鮮烈なビジュアルと意図的に描かれた“人力感”
しかし本作は、その先入観さえ逆に利用したような、鮮やかな演出の数々で視聴者を“沼”に引きずり込んだ。ここが、先に述べた「カウンター」だ。
まず大きいのは、やはり鮮烈なビジュアルだろう。映像作品にハマるプロセスとして、「興味を持つ」フェーズを踏まなければ作品はそもそも選ばれない。視聴者の余暇の時間を食いあうコンテンツ過多の現代であれば、なおさらだ。
特に日本であればデスゲーム文化があるため、このジャンルのファンもいればその逆も一定数以上いる。どっちに転ぶにせよ、新鮮な気持ちで受け取る人は少ないのではないか。

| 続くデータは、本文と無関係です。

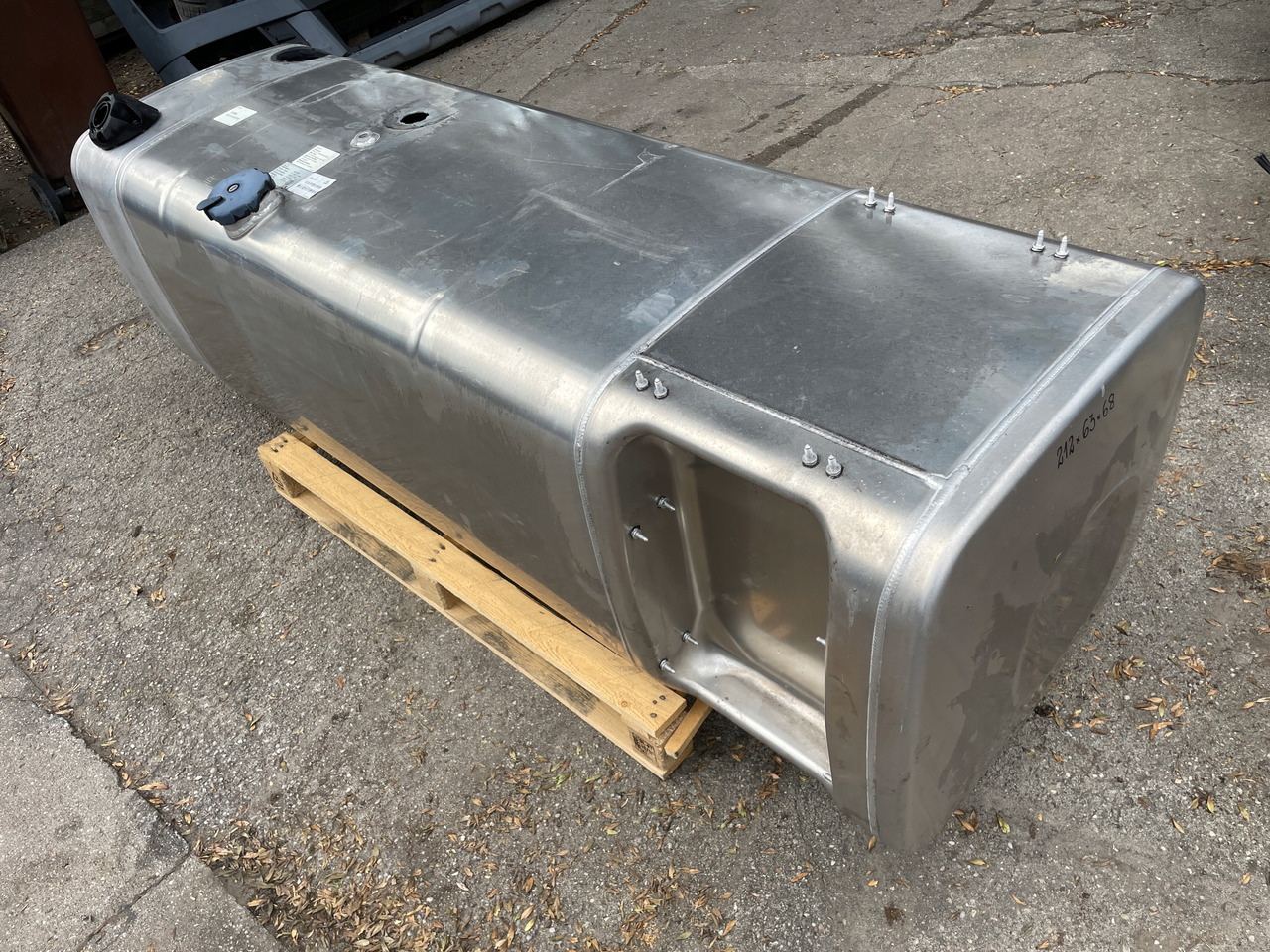 ZBIORNIK PALIWA MAN TGX TGS 680 L 75 AD BLUE 81122016726 - خزان الوقود - شاحنة: صورة 3 ZBIORNIK PALIWA MAN TGX TGS 680 L 75 AD BLUE 81122016726 - خزان الوقود - شاحنة: صورة 3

そういった中でどう観賞意欲を上げていくかは死活問題で、「巷で話題になっている」「韓国コンテンツ=面白い」「Netflixだから加入者は気軽にチャレンジできる」といった追い風はあるにせよ、中身にたどり着くまでのモチベーションを上げるのは、やはり外見が大きな要因の一つといえるだろう。

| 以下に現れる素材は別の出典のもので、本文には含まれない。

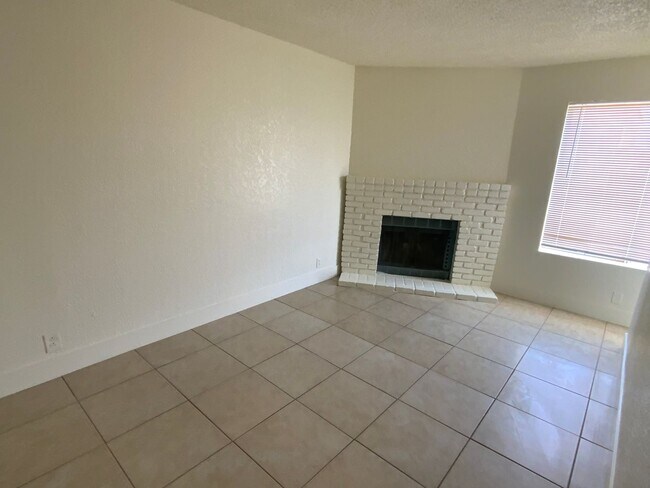 6994 Issac Ave Unidad D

その点『イカゲーム』は、蛍光ピンクとグリーンを基調にした色彩センスが非常に際立っている。参加者はグリーンのジャージ(ちょっと中高の体操着を感じさせる)で、彼らをデスゲームにいざなうスタッフたちはピンクの防護服のような独特の衣装に、〇△□が描かれたマスクをかぶっている。プレイステーションのコントローラーを想起する人もいるだろうが、洗練された目を引くデザインだ。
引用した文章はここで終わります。